- **INPUT DATA**
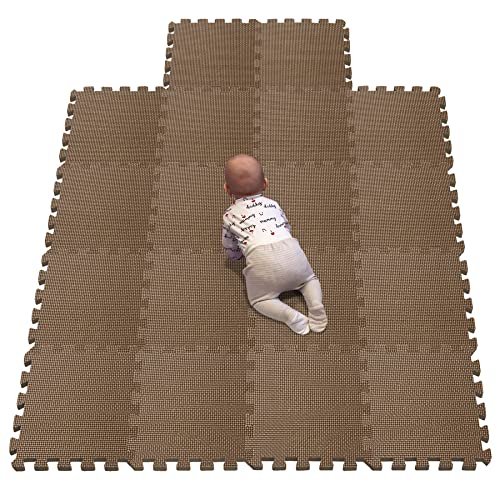 Image of YIMINYUER® 18 Tiles (30cm×30cm×1cm Each Tile) Baby Soft Puzzle Play Mats, Kids Thick EVA Foam Floor, Toddlers & Children's Soft Interlocking Mat R06G301018
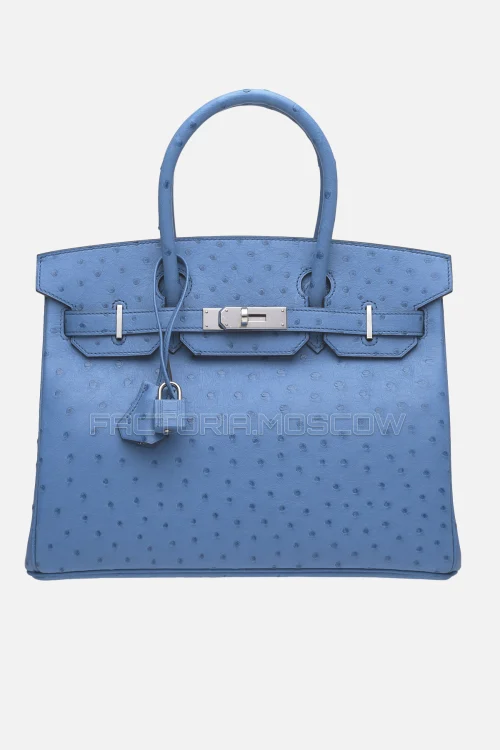 Hermes Birkin 30 Bleu Mykonos Ostrich PHW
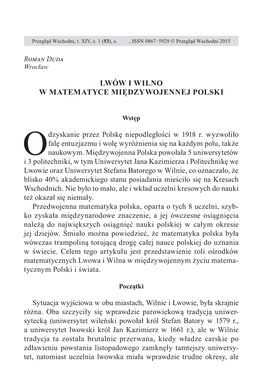 Lwów I Wilno W Matematyce Międzywojennej Polski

- **ACTIVITY**
Copy nothing but the lines from the one containing "Hermes Birkin 30 Bleu Mykonos Ostrich PHW" through the last line of the listing above, transcribed exactly and with no pictures.

- **EXERCISE OUTPUT**
 Hermes Birkin 30 Bleu Mykonos Ostrich PHW
 Lwów I Wilno W Matematyce Międzywojennej Polski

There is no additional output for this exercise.